DATASET RECORDS Block Start
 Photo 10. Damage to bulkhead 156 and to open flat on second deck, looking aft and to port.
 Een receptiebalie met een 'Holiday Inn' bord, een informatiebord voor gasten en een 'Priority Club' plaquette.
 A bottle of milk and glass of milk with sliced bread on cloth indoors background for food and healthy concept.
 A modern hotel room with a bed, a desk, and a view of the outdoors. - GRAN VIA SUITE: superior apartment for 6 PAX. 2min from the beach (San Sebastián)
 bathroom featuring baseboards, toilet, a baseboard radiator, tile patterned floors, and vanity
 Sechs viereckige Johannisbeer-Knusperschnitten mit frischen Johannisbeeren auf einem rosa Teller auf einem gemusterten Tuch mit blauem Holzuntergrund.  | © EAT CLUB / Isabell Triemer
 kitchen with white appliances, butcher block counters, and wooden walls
DATASET RECORDS Block End
DATASET RECORDS Block Start
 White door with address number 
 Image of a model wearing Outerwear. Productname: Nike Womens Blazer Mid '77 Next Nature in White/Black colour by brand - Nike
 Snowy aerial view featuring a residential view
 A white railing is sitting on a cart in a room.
DATASET RECORDS Block End
DATASET RECORDS Block Start
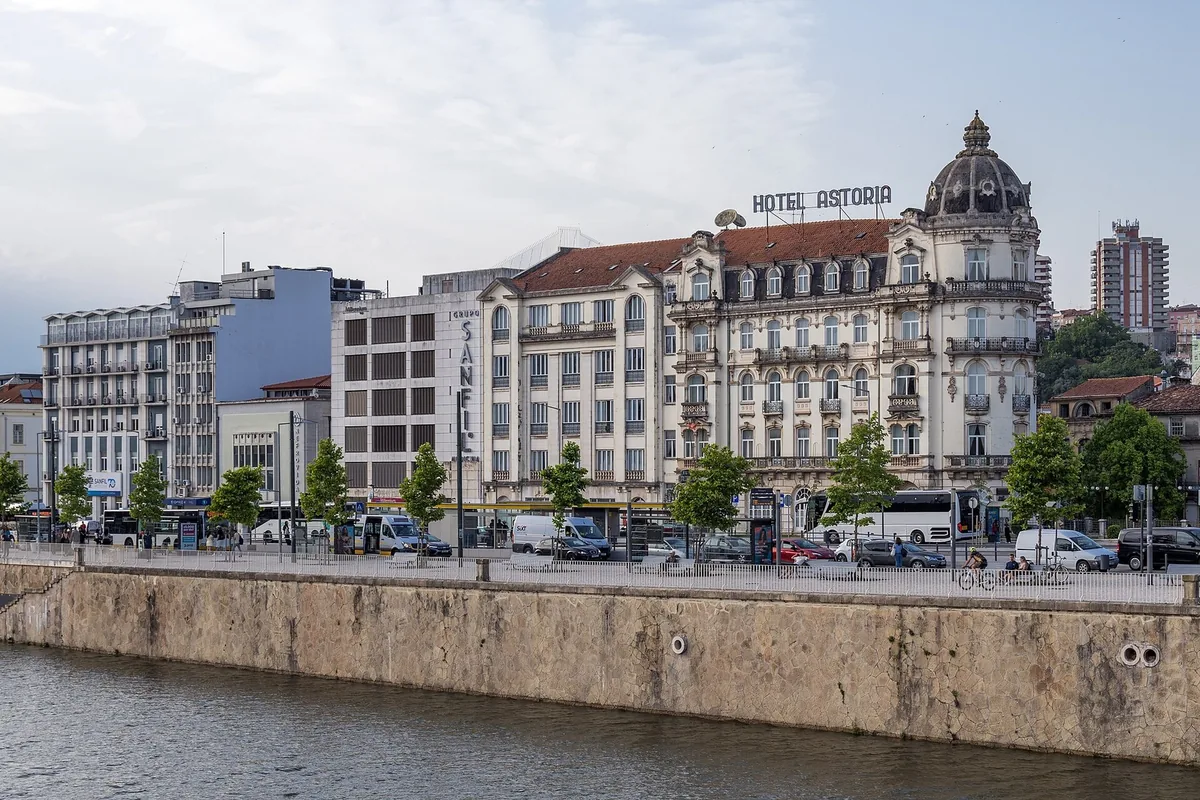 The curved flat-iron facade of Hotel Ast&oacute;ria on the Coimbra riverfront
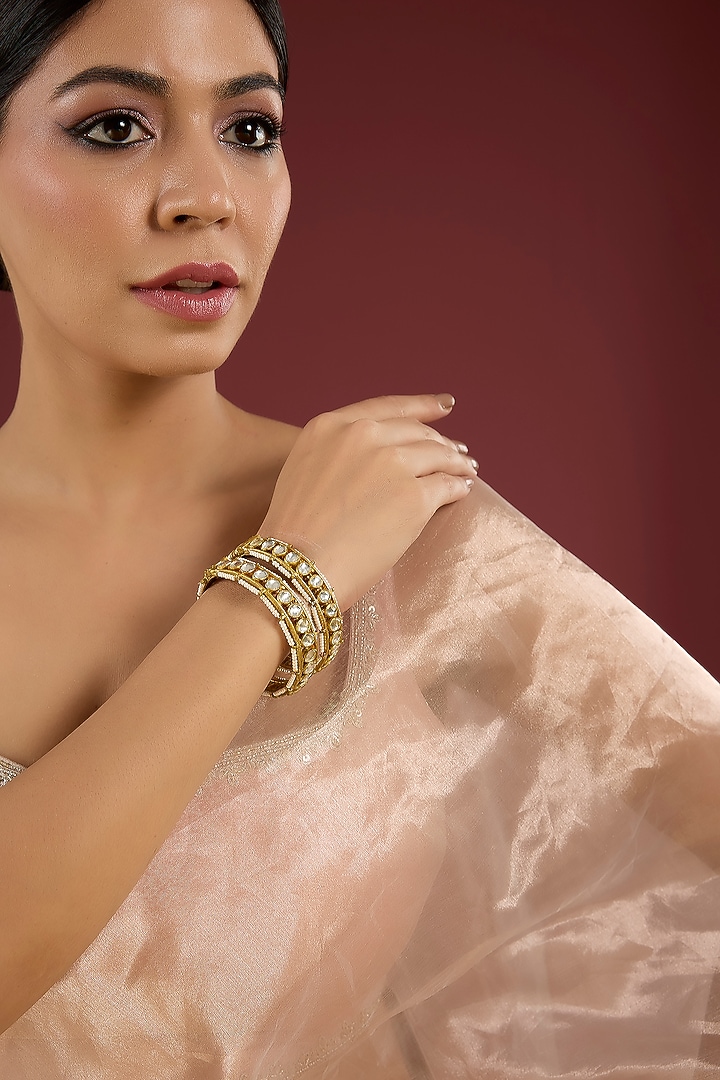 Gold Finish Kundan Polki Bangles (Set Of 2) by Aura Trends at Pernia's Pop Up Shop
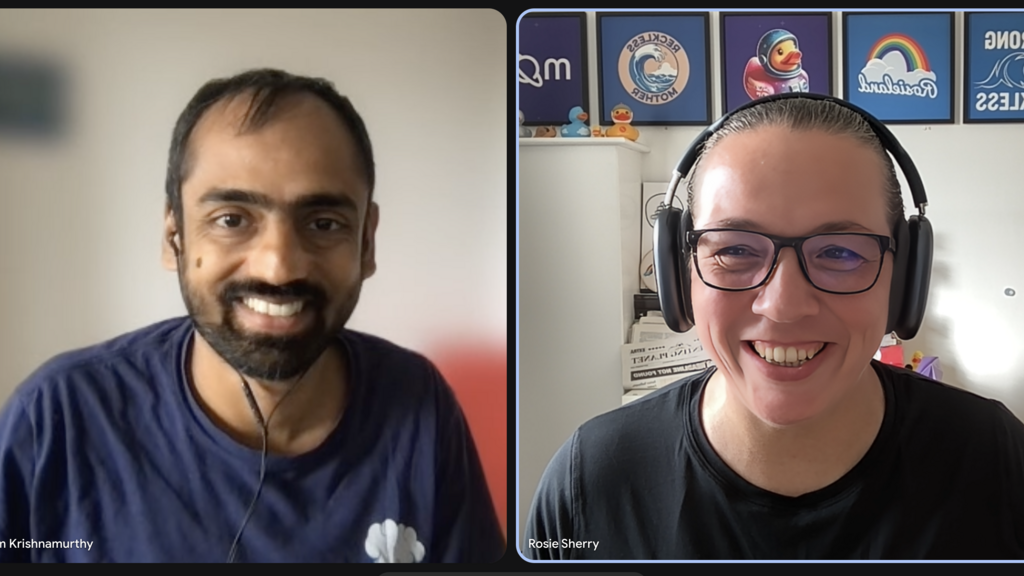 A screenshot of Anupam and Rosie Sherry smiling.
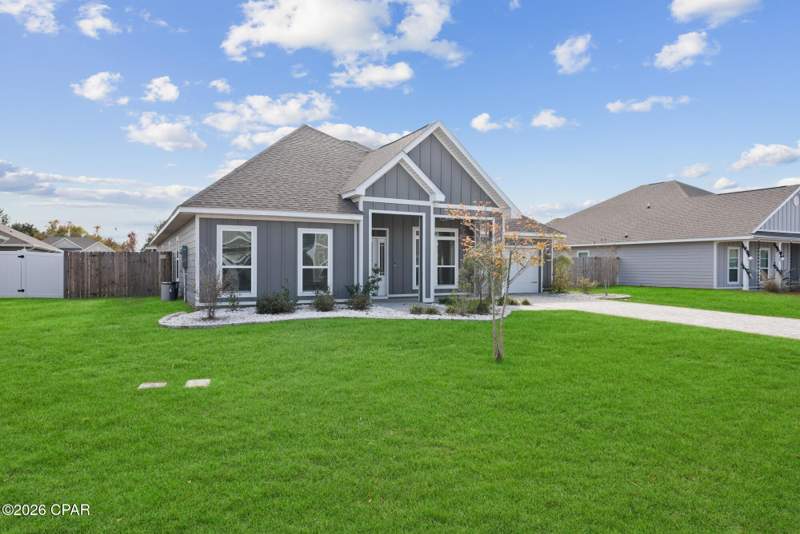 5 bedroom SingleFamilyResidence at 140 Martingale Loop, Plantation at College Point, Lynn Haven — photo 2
DATASET RECORDS Block End
### [YOUR TASK]
Output the material above exactly, but only from the line that carries "Image of a model" through the line that carries "A white railing".

### [ANSWER BELOW]
 Image of a model wearing Outerwear. Productname: Nike Womens Blazer Mid '77 Next Nature in White/Black colour by brand - Nike
 Snowy aerial view featuring a residential view
 A white railing is sitting on a cart in a room.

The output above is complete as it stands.